* **YOUR GOAL**:
From the entries that follow, reproduce exactly and only the lines from the line with "Saule tortueux jaune (Salix erythroflexuosa)" to the line with "Schwerer Verkehrsunfall auf der B113", endpoints included.

* **SOURCE MATERIAL**:
***

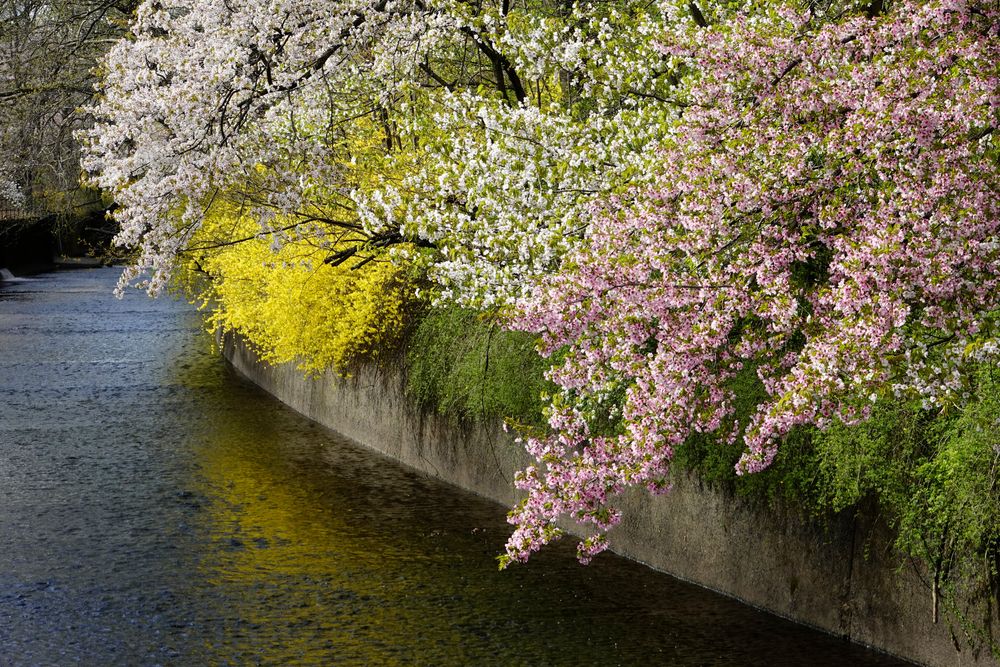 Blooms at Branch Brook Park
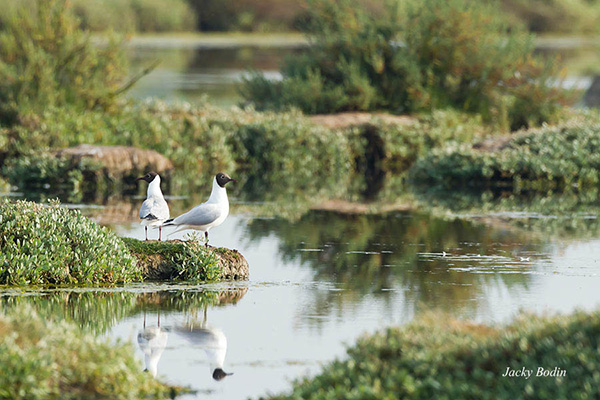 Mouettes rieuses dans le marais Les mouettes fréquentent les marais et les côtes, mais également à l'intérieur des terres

***

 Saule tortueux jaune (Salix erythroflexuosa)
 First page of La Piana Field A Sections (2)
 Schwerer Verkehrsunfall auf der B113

***

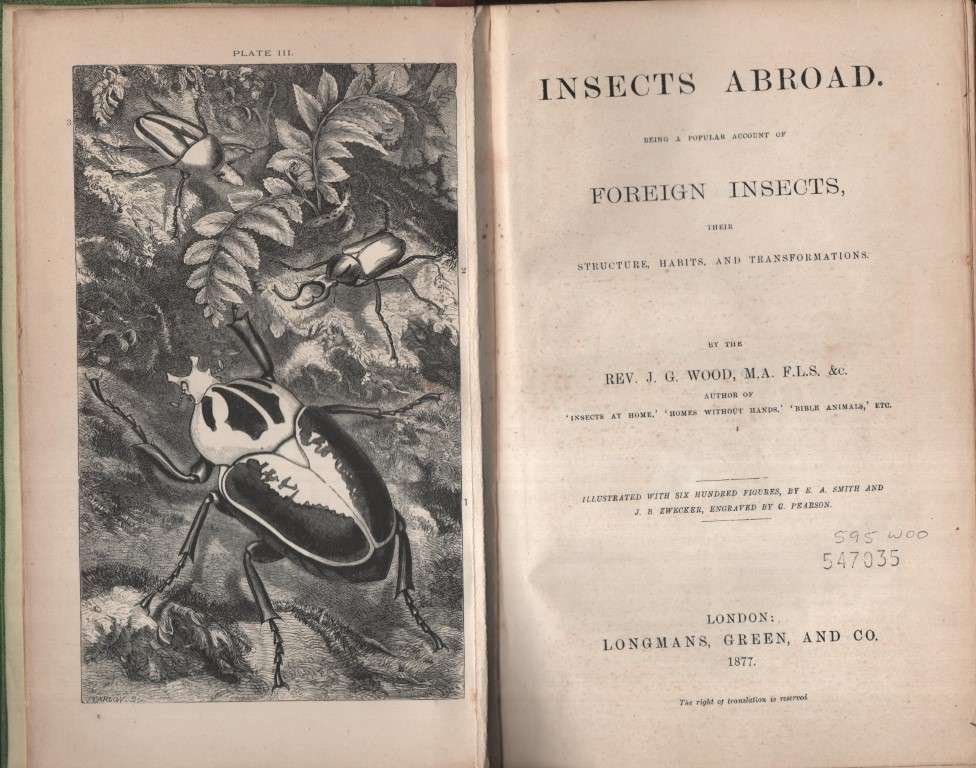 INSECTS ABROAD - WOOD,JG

***

* **TASK OUTPUT**:
 Saule tortueux jaune (Salix erythroflexuosa)
 First page of La Piana Field A Sections (2)
 Schwerer Verkehrsunfall auf der B113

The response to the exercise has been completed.